🤖 AI Summary
This work addresses the limitations of conventional pixel-based deep reinforcement learning, which often relies on low-resolution inputs and struggles to exploit fine-grained visual details. The authors systematically investigate the impact of visual resolution on policy learning and propose Impoola, a resolution-agnostic architecture that replaces the flattening operation in Impala with global average pooling, thereby decoupling model parameters from input resolution. By introducing Procgen-HD—a high-resolution benchmark—and employing gradient saliency analysis, they demonstrate that policies trained at higher resolutions can effectively attend to critical local regions. Experimental results show that Impoola achieves a 28% performance improvement over Impala under optimal configurations, with particularly pronounced gains in tasks requiring the recognition of small or distant objects.
📝 Abstract
Pixel-based deep reinforcement learning agents are typically trained on heavily downsampled visual observations, a convention inherited from early benchmarks rather than grounded in principled design.
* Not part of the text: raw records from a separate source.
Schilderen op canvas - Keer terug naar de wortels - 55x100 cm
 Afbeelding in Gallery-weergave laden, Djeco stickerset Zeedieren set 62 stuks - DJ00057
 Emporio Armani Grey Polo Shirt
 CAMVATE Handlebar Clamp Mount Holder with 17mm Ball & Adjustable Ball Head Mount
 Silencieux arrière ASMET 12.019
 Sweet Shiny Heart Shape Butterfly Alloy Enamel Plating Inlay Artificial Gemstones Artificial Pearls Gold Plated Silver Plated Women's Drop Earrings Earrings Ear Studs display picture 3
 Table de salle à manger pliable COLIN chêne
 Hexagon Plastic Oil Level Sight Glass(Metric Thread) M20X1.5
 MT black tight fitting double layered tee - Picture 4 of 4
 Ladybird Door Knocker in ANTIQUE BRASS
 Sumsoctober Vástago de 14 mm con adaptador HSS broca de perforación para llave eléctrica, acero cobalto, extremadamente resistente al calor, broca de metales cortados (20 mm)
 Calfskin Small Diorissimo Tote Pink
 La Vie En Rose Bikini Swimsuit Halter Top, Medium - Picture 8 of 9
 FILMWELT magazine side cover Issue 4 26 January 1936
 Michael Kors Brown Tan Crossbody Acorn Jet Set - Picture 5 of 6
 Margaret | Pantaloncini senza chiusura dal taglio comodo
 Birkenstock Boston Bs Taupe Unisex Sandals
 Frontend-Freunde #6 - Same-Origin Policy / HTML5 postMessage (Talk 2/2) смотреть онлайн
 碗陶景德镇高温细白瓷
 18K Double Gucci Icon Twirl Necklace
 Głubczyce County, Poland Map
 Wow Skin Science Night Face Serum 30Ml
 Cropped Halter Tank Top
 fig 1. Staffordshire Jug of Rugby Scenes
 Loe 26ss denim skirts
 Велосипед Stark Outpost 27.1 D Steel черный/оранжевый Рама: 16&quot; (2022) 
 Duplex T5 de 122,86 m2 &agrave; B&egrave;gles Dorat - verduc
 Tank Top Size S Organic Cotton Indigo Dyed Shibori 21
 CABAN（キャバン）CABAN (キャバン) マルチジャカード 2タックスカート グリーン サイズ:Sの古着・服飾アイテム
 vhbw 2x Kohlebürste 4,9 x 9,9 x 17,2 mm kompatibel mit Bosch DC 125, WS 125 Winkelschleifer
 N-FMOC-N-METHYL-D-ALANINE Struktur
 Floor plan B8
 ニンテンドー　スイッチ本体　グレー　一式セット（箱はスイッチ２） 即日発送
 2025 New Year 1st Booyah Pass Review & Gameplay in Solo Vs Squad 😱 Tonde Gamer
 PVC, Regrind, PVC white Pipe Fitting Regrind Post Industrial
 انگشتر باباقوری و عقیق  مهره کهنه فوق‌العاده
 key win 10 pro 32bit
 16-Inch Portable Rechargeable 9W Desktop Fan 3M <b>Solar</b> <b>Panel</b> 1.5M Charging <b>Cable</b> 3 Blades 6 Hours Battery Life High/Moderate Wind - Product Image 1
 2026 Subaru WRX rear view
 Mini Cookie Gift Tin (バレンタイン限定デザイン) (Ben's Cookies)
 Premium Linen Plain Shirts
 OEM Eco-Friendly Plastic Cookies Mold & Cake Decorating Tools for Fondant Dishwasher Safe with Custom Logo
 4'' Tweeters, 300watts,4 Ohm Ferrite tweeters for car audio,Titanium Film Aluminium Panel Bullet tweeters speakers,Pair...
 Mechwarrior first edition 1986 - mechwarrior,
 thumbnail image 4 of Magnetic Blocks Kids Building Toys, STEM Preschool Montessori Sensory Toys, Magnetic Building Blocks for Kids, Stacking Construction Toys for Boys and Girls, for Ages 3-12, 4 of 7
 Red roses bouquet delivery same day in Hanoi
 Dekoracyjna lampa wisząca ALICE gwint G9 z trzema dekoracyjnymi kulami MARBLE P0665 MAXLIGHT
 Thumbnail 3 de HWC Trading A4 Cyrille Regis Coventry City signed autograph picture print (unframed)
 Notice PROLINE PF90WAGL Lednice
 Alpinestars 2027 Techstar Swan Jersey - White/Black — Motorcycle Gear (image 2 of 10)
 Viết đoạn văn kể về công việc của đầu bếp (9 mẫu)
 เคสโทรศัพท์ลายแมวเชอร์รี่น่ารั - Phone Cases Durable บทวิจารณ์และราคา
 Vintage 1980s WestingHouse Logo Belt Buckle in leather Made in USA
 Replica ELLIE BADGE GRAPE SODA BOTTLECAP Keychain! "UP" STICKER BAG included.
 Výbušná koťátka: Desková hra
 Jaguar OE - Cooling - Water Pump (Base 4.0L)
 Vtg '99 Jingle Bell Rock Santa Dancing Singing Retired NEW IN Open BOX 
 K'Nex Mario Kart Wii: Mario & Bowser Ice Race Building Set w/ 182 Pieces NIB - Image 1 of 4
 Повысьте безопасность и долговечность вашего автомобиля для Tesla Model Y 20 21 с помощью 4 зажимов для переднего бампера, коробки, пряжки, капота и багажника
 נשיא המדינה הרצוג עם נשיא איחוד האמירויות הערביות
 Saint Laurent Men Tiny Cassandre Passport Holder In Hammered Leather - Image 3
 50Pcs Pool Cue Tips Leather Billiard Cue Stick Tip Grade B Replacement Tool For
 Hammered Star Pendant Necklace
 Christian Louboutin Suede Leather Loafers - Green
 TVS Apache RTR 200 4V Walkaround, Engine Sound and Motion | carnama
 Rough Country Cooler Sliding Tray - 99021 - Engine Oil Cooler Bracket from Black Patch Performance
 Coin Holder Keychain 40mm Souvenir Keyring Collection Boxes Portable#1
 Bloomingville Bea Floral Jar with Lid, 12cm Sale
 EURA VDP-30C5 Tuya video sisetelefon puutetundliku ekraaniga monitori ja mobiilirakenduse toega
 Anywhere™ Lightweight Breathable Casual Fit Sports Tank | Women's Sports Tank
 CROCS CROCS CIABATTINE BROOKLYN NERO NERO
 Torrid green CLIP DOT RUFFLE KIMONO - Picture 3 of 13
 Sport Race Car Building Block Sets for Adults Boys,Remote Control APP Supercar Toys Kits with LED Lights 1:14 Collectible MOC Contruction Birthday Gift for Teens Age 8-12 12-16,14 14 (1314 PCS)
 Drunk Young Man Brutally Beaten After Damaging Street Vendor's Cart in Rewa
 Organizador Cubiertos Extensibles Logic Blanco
In this work, we show that observation resolution is a critical yet overlooked variable for policy learning: higher-resolution inputs can substantially improve both performance and generalization, provided the network architecture can process them effectively. We find that the widely used Impala encoder, which flattens spatial features into a vector, suffers from quadratic parameter growth as resolution increases and fails to leverage the additional visual detail. Replacing this operation with global average pooling, as in the Impoola architecture, decouples parameter count from resolution and yields consistent improvements across resolutions and network widths - at their respective best conditions, visual scaling unlocks a 28 % performance gain for Impoola over Impala. These gains are strongest in environments that require precise perception of small or distant objects, and gradient saliency analysis confirms that the underlying mechanism is a more spatially localized visual attention of the policy at higher resolutions. Our results challenge the prevailing practice of aggressive input downsampling and position resolution-independent architectures as a simple, effective path toward scalable visual deep RL. To facilitate future research on resolution scaling in deep RL, we publicly release the open-source code for the Procgen-HD benchmark: https://github.com/raphajaner/procgen-hd.